Dictionnaire des proverbes (Quitard)/amoureux

amoureux. — Amoureux transi.

Cette expression, dont on se sert pour désigner un amoureux timide, novice, froid, fait allusion à un ancien usage des justiciables volontaires des cours d’amour, espèce d’énergumènes qui avaient formé, sous le règne de Philippe V, une société ou confrérie nommée la Ligue des amants, dont l’objet était de prouver l’excès de leur passion par une opiniâtreté invincible à braver les ardeurs de l’été et les rigueurs de l’hiver. Dans les chaleurs extrêmes, ils allumaient de grands feux pour se chauffer, et ne sortaient de chez eux qu’enveloppés d’épaisses fourrures.

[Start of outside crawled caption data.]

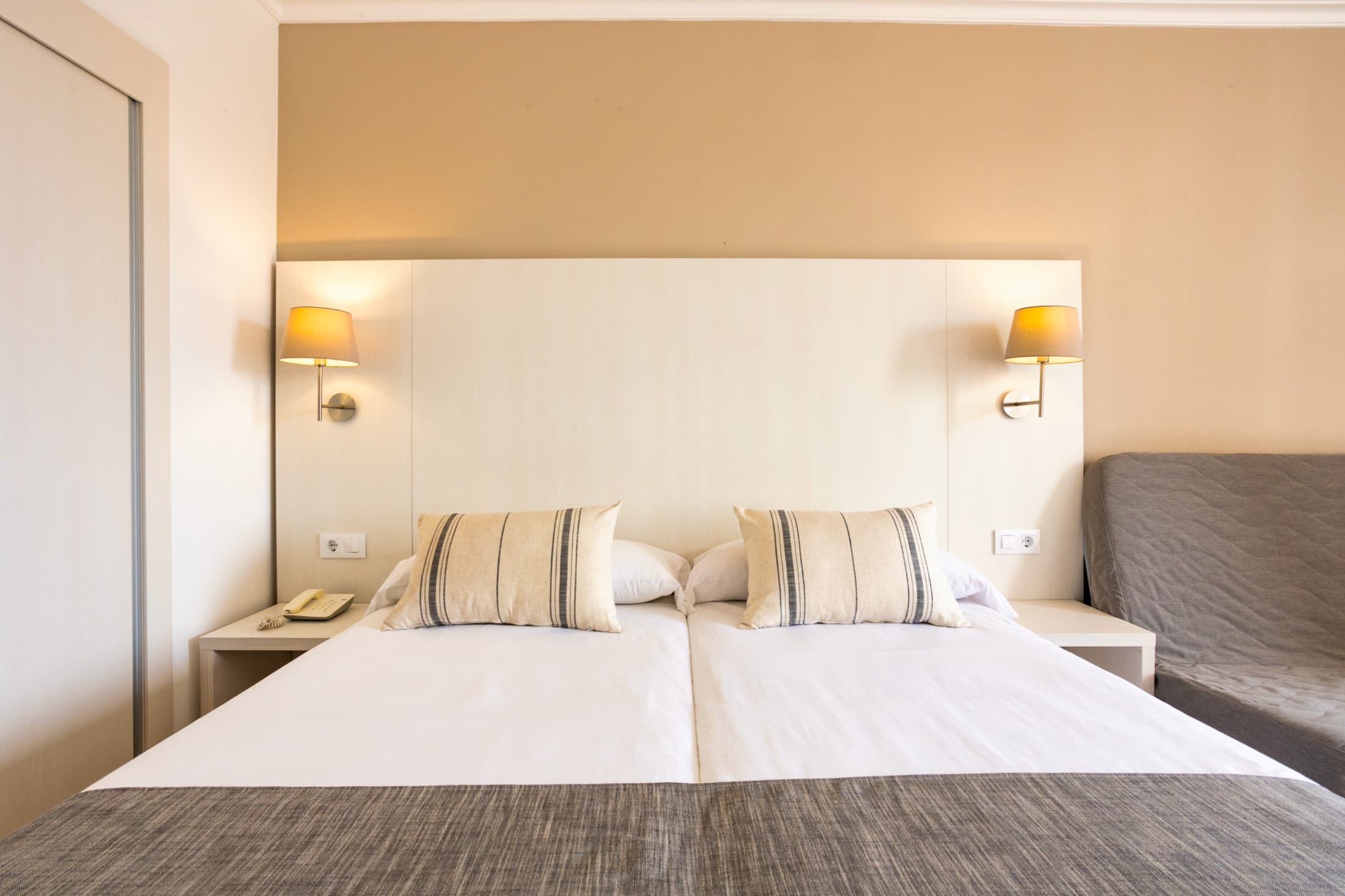 Double or Twin Sea View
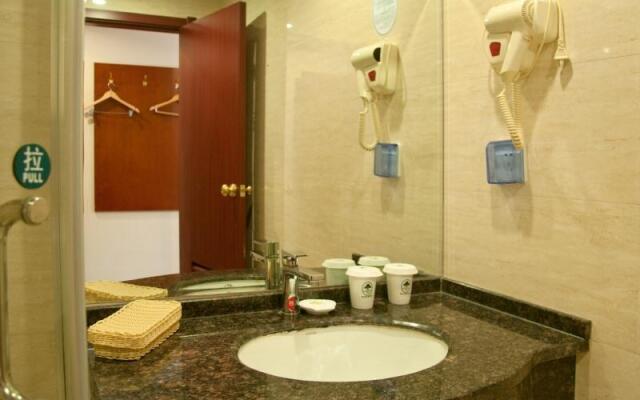 GreenTree Inn Xuancheng South Zhaoting Road Business Hotel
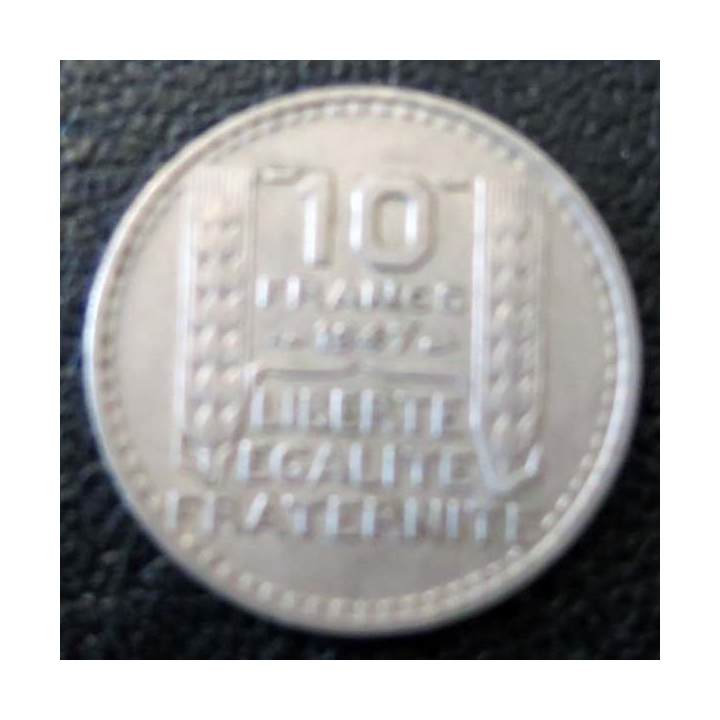 10 francs Turin 1947 occasion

Quand il gelait à pierre fendre, ils se couvraient très légèrement, et allaient, par le froid, par la neige ou par la pluie, soupirer à la porte de leurs maîtresses, où ils se tenaient jusqu’à ce qu’ils les eussent aperçues, étant parfois tellement morfondus et transis dans l’attente, dit un vieux auteur, qu’on entendait claquer leurs dents comme les becs des cigognes. Cette dévotion d’amour, poussée ainsi jusqu’au martyre, éclatait en outre par une foule de pratiques minutieuses et d’expressions alambiquées. Tel confrère élisait son domicile à l’enseigne de la Passion, rue du Sacrifice, paroisse de la Sincérité ; tel autre demeurait sur la place de la Persévérance, hôtel de l’Assiduité, etc. Il existe un ouvrage rare et curieux, intitulé : l’Amoureux transy, par Jehan Boucher. Cet ouvrage, qui ne porte point de date, est une espèce de code galant de cette secte jadis si fameuse par ses extravagances et par ses niaiseries sentimentales.